Material provided:
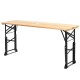 66.5-inch outdoor wood folding picnic table with adjustable heights, featuring a sturdy design and umbrella hole for.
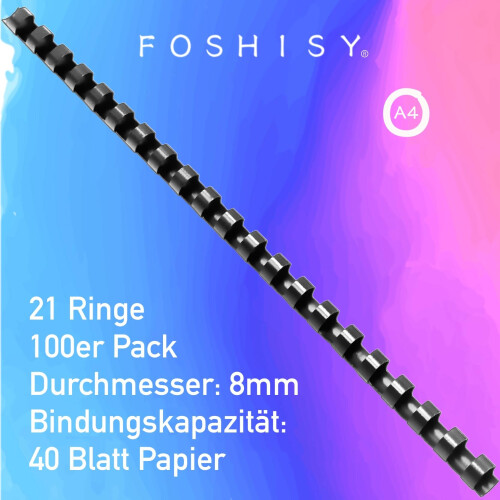Plastic Binding Combs 21 Ring A4 8mm Comb Binding Spines,40 Sheet Capacity,Pack of 100,Black 1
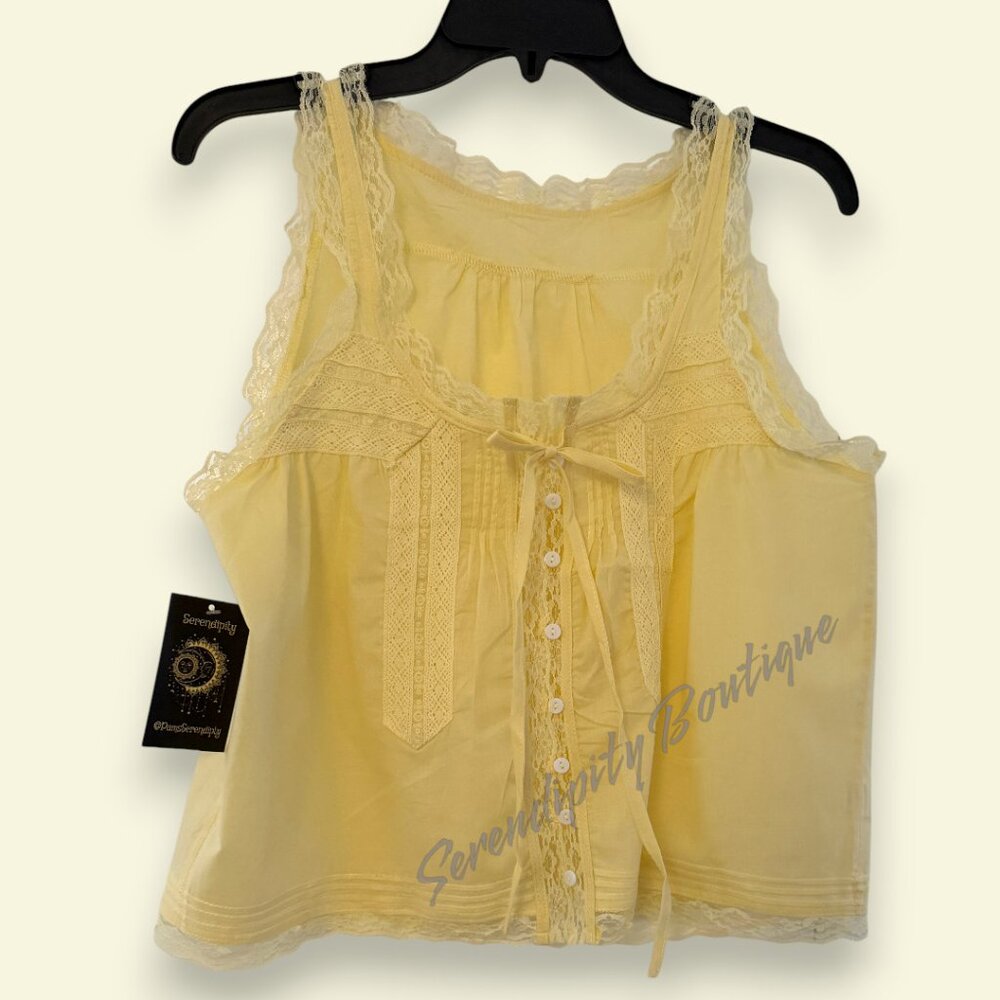 Boho Buttercup Yellow Linen Lace Feminine Peasant Sleeveless Top Blouse - Picture 7 of 11
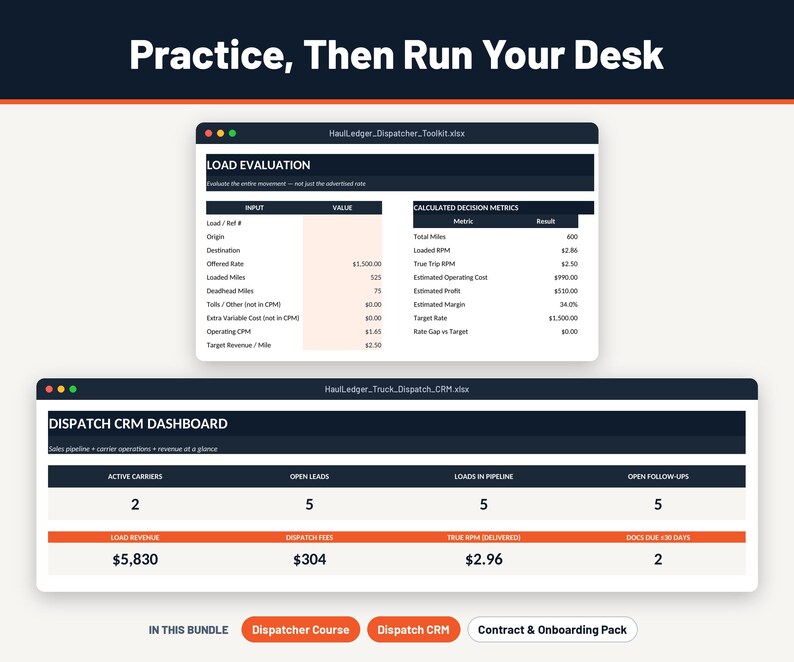 Puede incluir: Un panel digital titulado Practice, Then Run Your Desk que muestra dos ventanas de hoja de c&aacute;lculo: Load Evaluation y Dispatch CRM Dashboard. La ventana Load Evaluation enumera valores de entrada y m&eacute;tricas de decisi&oacute;n calculadas. El Dispatch CRM Dashboard muestra transportistas activos, clientes potenciales, cargas en proceso y datos de ingresos. Tres botones en la parte inferior dicen Dispatch Course, Dispatch CRM y Contract & Onboarding Pack.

Task details: Repeat the material above exactly. Leave every picture out of it.

Answer section:
 66.5-inch outdoor wood folding picnic table with adjustable heights, featuring a sturdy design and umbrella hole for.
Plastic Binding Combs 21 Ring A4 8mm Comb Binding Spines,40 Sheet Capacity,Pack of 100,Black 1
 Boho Buttercup Yellow Linen Lace Feminine Peasant Sleeveless Top Blouse - Picture 7 of 11
 Puede incluir: Un panel digital titulado Practice, Then Run Your Desk que muestra dos ventanas de hoja de c&aacute;lculo: Load Evaluation y Dispatch CRM Dashboard. La ventana Load Evaluation enumera valores de entrada y m&eacute;tricas de decisi&oacute;n calculadas. El Dispatch CRM Dashboard muestra transportistas activos, clientes potenciales, cargas en proceso y datos de ingresos. Tres botones en la parte inferior dicen Dispatch Course, Dispatch CRM y Contract & Onboarding Pack.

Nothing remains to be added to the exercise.